======== Supplied material

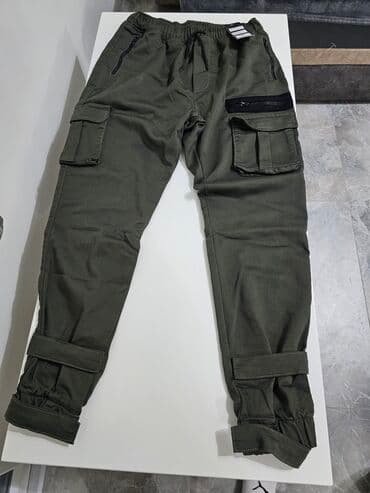 zara pantalone od eko koze: Muške cargo pantalone – tamno maslinasto zelene - Model: cargo/jogger — 1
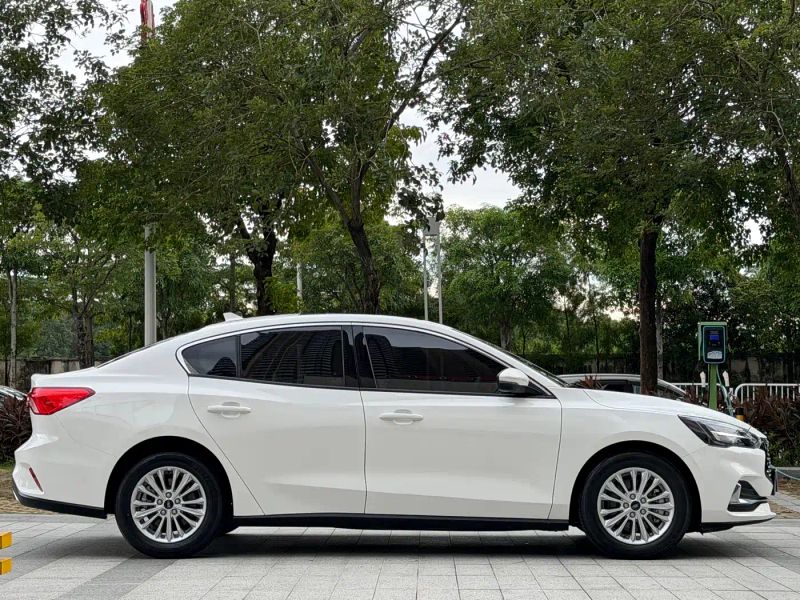 Explorer Focus
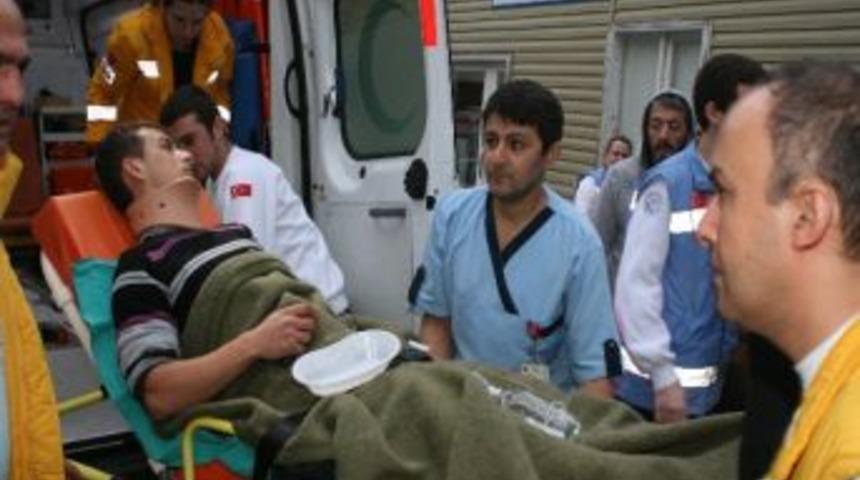 Karda Kayan Kamyon Yolcu Minib&uuml;s&uuml;n&uuml; Bi&ccedil;ti: 7 Yaralı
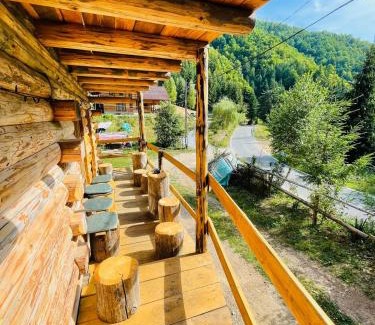 Maguri-Racatau Chalet De Esquí | Rustic Chalet in the mountains of Transylvania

================

What you have to do :: Return all of the material exactly, without pictures.

Written solution ::
 zara pantalone od eko koze: Muške cargo pantalone – tamno maslinasto zelene - Model: cargo/jogger — 1
 Explorer Focus
 Karda Kayan Kamyon Yolcu Minib&uuml;s&uuml;n&uuml; Bi&ccedil;ti: 7 Yaralı
 Maguri-Racatau Chalet De Esquí | Rustic Chalet in the mountains of Transylvania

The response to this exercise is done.